Beginning with the line that holds "Ripoll Plafondlamp, Kogellampje", output every remaining line of the material below exactly, and include none of the pictures.

- **DATASET EXTRACT**
^^^^
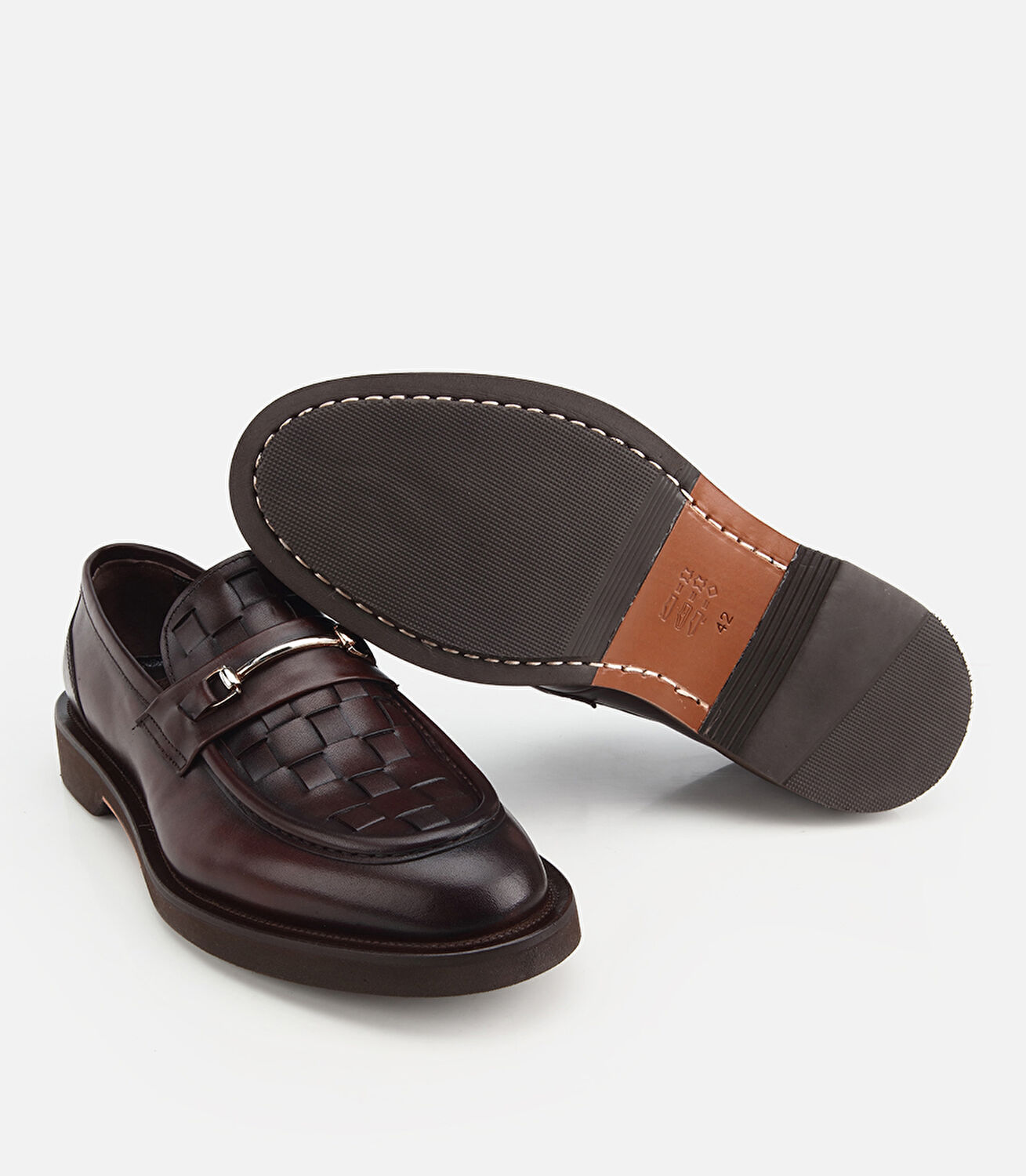 Erkek Deri Kahverengi Örme Metal Detaylı Klasik Loafer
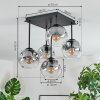 Ripoll Plafondlamp, Kogellampje Duidelijk, Rookkleurig, 5-lichts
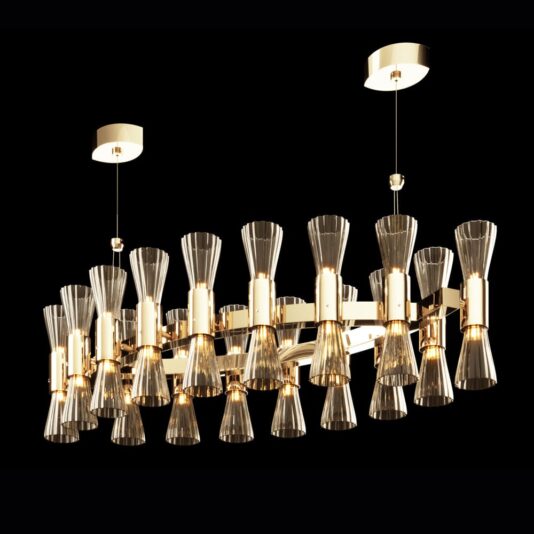 Modern Gold Leaf Murano Glass Oval Designer Chandelier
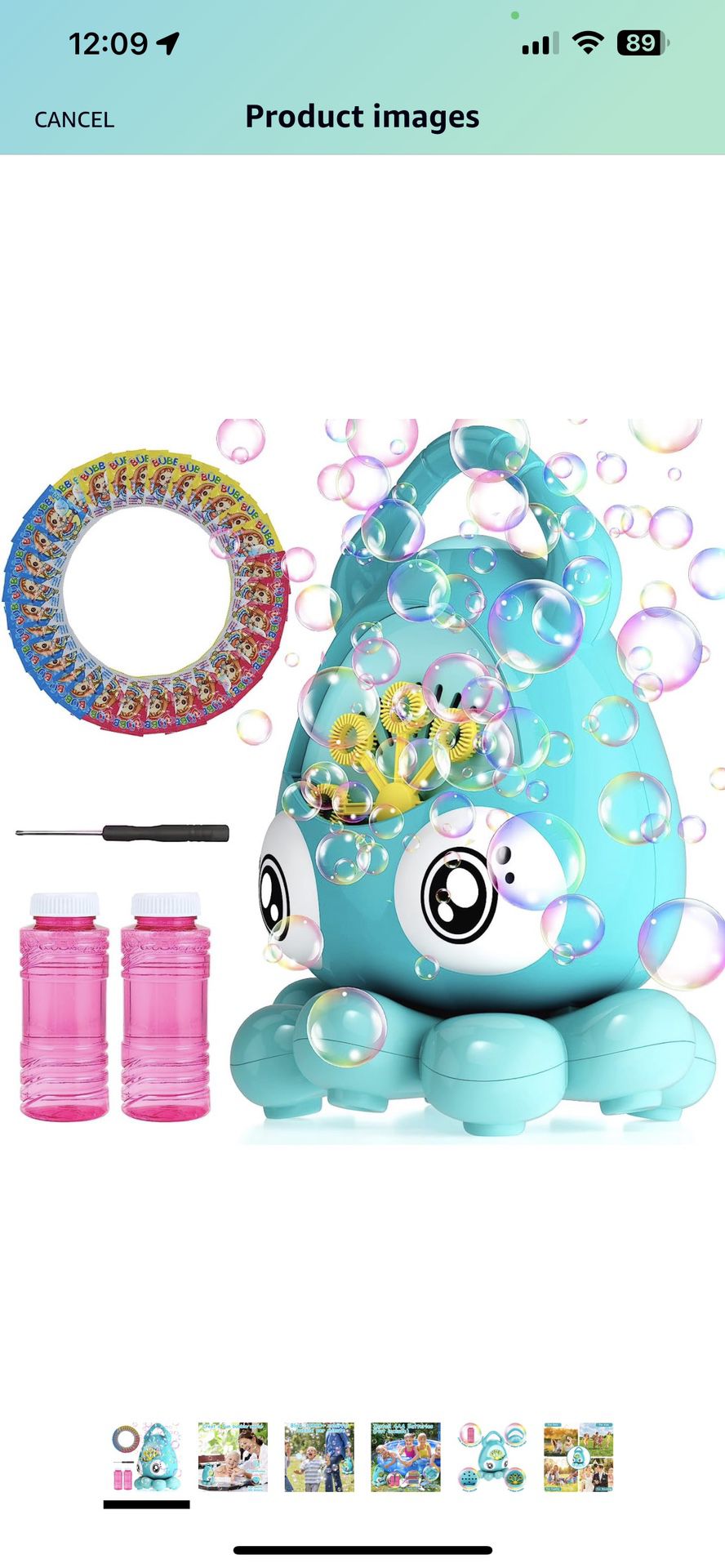 Bubble Machine, Cute Octopus Automatic Bubble Blower, 10000+ Bubbles Per Minute Bubbles Kids Toys for Ages 2-4 5 6 7 8 9 10 11 12,Kid for Birthday Wed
^^^^
- **EXERCISE OUTPUT**
 Ripoll Plafondlamp, Kogellampje Duidelijk, Rookkleurig, 5-lichts
 Modern Gold Leaf Murano Glass Oval Designer Chandelier
 Bubble Machine, Cute Octopus Automatic Bubble Blower, 10000+ Bubbles Per Minute Bubbles Kids Toys for Ages 2-4 5 6 7 8 9 10 11 12,Kid for Birthday Wed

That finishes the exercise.